We will learn to express trigonometric function of sin 2A in terms of A. We know if A is a given angle then 2A is known as multiple angles.
How to proof the formula of sin 2A is equals 2 sin A cos A?
We know that for two real numbers or angles A and B,
sin (A + B) = sin A cos B + cos A sin B
Now, putting B = A on both sides of the above formula we get,
sin (A + A) = sin A cos A + sin A cos A
⇒ sin 2A = 2 sin A cos A
Note: In the above formula we should note that the angle on the R.H.S. is half of the angle on L.H.S. Therefore, sin 60° = 2 sin 30° cos 30°.
The above formula is also known as double angle formulae for sin 2A.

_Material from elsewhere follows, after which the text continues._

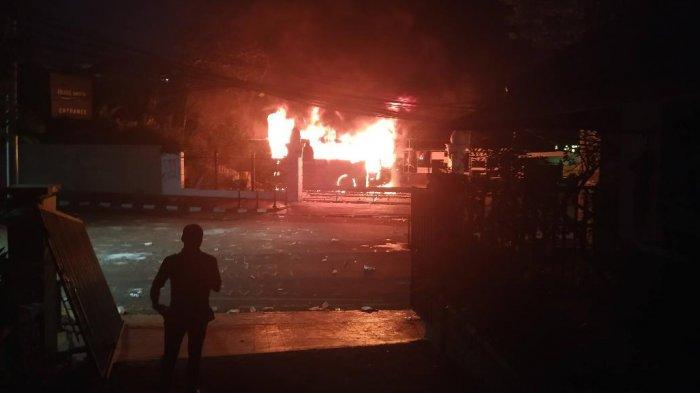 Siapa Pelaku Pembakaran saat Aksi Mahasiswa di Jakarta? Ini Analisis Fahri Hamzah, Makin Malam Ganas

Now, we will apply the formula of multiple angle of sin 2A in terms of A to solve the below problems.
1. Express sin 8A in terms of sin 4A and cos 4A
Solution:
sin 8A
= sin (2 ∙ 4A)
= 2 sin 4A cos 4A, [Since, we know sin 2A = 2 sin A cos A]

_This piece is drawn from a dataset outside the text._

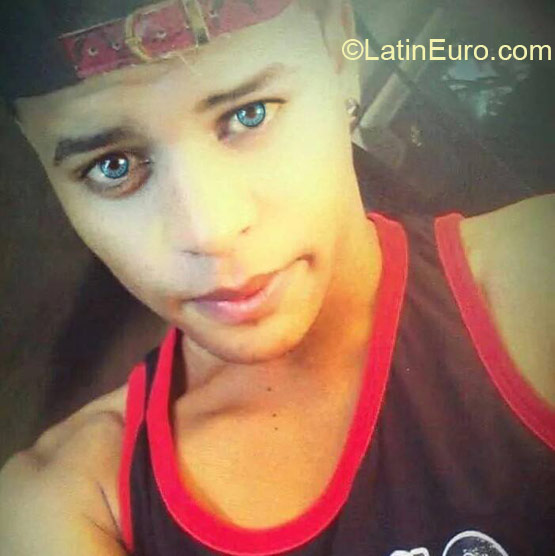 Date this funny Dominican Republic man Randi from Santiago DO21320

2. If sin A = \(\frac{3}{5}\) find the values of sin 2A.
Solution:
Given, sin A = \(\frac{3}{5}\)
We know that, sin\(^{2}\) A + cos\(^{2}\) A = 1
cos\(^{2}\) A = 1 - sin\(^{2}\) A
cos\(^{2}\) A = 1 - (\(\frac{3}{5}\))\(^{2}\)
cos\(^{2}\) A = 1 - \(\frac{9}{25}\)
cos\(^{2}\) A = \(\frac{25 - 9}{25}\)
cos\(^{2}\) A = \(\frac{16}{25}\)
cos A = √\(\frac{16}{25}\)
cos A = \(\frac{4}{5}\)
sin 2A
= 2 sin A cos A
= 2 ∙ \(\frac{3}{5}\) ∙ \(\frac{4}{5}\)
= \(\frac{24}{25}\)
3. Prove that,16 cos \(\frac{2π}{15}\) cos \(\frac{4π}{15}\) cos \(\frac{8π}{15}\) \(\frac{16π}{15}\) = 1.
Solution:
Let, \(\frac{2π}{15}\) = θ
L.H.S = 16 cos \(\frac{2π}{15}\) cos \(\frac{4π}{15}\) cos \(\frac{8π}{15}\) \(\frac{16π}{15}\) = 1.

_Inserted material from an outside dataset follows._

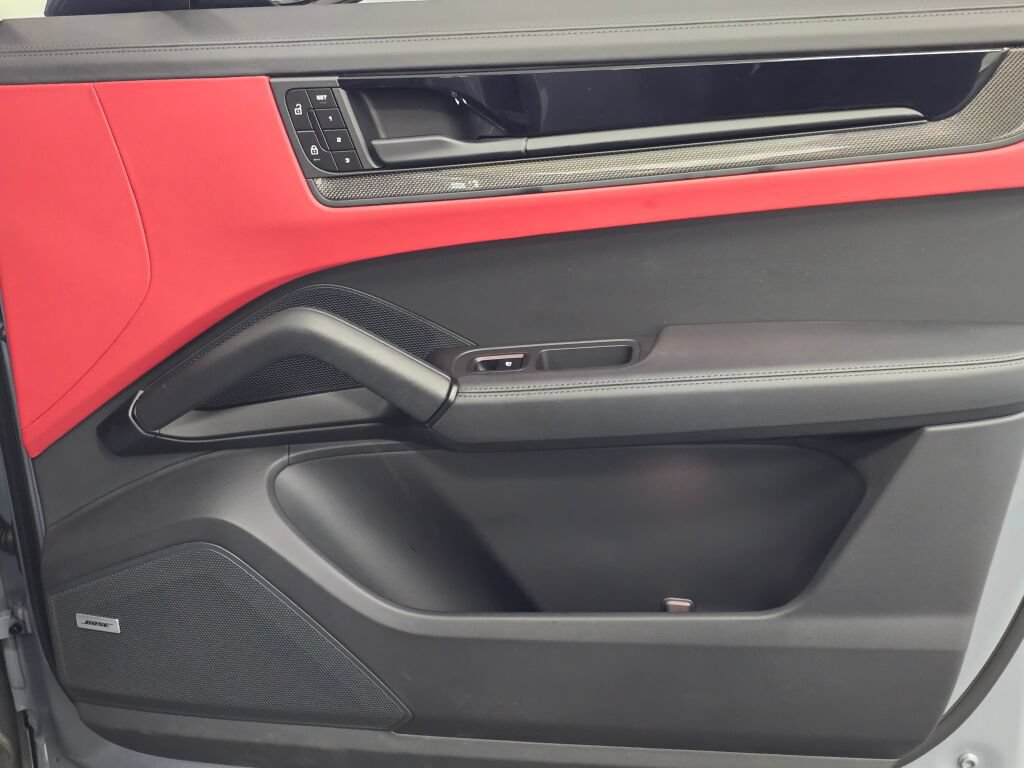 Certified 2024 Porsche Cayenne Turbo GT AWD/4WD image 27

= 16 cos θ cos 2θ cos 4θ cos 8θ, [Since, θ = \(\frac{2π}{15}\)]
= \(\frac{8}{sin θ}\) (2 sin θ cos θ) cos 2θ cos 4θ cos 8θ
= \(\frac{4}{sin θ}\) (2 sin 2θ cos 2θ) cos 4θ cos 8θ
= \(\frac{2}{sin θ}\) (2 sin 4θ cos 4θ) cos 8θ
= \(\frac{1}{sin θ}\) (2 sin 8θ cos 8θ)
= \(\frac{1}{sin θ}\) ∙ sin 16θ
= \(\frac{1}{sin θ}\) ∙ sin (15θ + θ)
= \(\frac{1}{sin θ}\) ∙ sin (2π + θ), [Since, \(\frac{2π}{15}\) = θ ⇒15θ = 2π]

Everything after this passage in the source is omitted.